O ruído da ocasião estava a ser inflacionado e a própria tenista americana saberia que era, apenas, uma breve lomba no caminho da trajetória imparável com quem se deparava do outro lado da rede. E, perante a inferioridade, conseguiu rir.
Era o 1-3 para a americana com uma das técnicas de serviço mais mecânicas que haverá — a perna de trás esticada, o ângulo reto feto com o pé e o calcanhar no chão a serem retardados o mais possível, a pancada dada na bola de forma muito frontal — e as pessoas que enchiam as bancadas do Suzanne-Lenglen, o segundo maior recinto do Grand Slam parisiense, festejam como se testemunhassem um feito incrível. Parecia exagero, mas talvez fosse justificado.
Alison Riske, a 43.ª classificada do ranking WTA, ganhava um jogo a Iga Swiatek e a felicidade conjunta teria mais de genuíno do que de ironia. O público bradava à nuance de competitividade, a americana ria, quase troçava (com o “c’mon!” exagerado e o riso) do feito, porque o sabia mentiroso. Até então, a polaca cilindrava a adversária com uma superioridade absurda em cada encosto de raquete à bola e com a capacidade em abrir ângulos de ataque, obrigando Riske a ser um iô-iô de corrida na linha de fundo.
Aos 31 anos, Alison não é uma tenista banal, mas, durante o primeiro set, foi por demais vulgarizada pela postura tão agressiva de Swiatek, a número um do mundo que este ano vai jogando como todas as jogadoras lhe devessem algo. Só nesse primeiro parcial, foram 11 winners e 80% dos pontos ganhos no primeiro e segundo serviços, enquanto a já trintona americana colheu apenas oito pontos. Em vinte e dois minutos, a polaca de 20 anos fechou um 6-0.
Foi o 15.º set a zero que ganhou esta época.

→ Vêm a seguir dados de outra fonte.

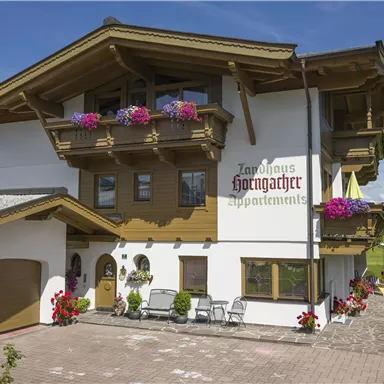 Ein alpenländisches Gebäude mit mehreren Balkonen, geschmückt mit bunten Blumen. Im Vordergrund befinden sich Parkplatz und Sitzgelegenheiten.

Num não tão apressado ápice fecharia também o parcial seguinte, Alison Riske ainda voltaria a aguentar outro jogo de serviço, mas o 6-2 acabaria com um encontro que durou uma hora e um minuto. A compenetração implacável de Iga Swiatek agravou os gemidos soltos pela adversária a cada pancada, pareciam gritos de desespero perante os trabalhos que as bolas top spinadas da polaca em vez de sons de esforço. “Estou muito contente por ter feito um jogo sólido e ter este tipo de concentração. Ganhar todos estes jogos dá-me muita confiança”, diria, no final.
A polaca de olhar humilde e simpático referia-se à 30.ª vitória consecutiva da temporada que a vai tendo como a dominadora do circuito feminino. Ganhou os últimos cinco torneios nos quais participou, incluindo os Masters de Indian Wells e Miami (o badalado sunshine double) e o de Roma, sempre com um estilo em court que contraste com a postura singela fora do campo.
Com um acentuado pendor atacante em cada gesto com a raquete e uma postura marcadamente ofensiva — a forma como não recua para abordar a bola, preferindo, às vezes, por-se quase de cócoras para a bater mais cedo dentro do seu campo —, Swiatek está a ser o desconforto em pessoa para qualquer tenista que a defronte. “A minha confiança está melhor. Comecei a ser mais agressiva e pró-ativa, é algo que o meu treinador me ajudou a fazer. Vem de todo o trabalho que já estávamos a fazer na época anterior e, de alguma forma, deu o clique”, explicou, no inglês desenvolto com que se expressa.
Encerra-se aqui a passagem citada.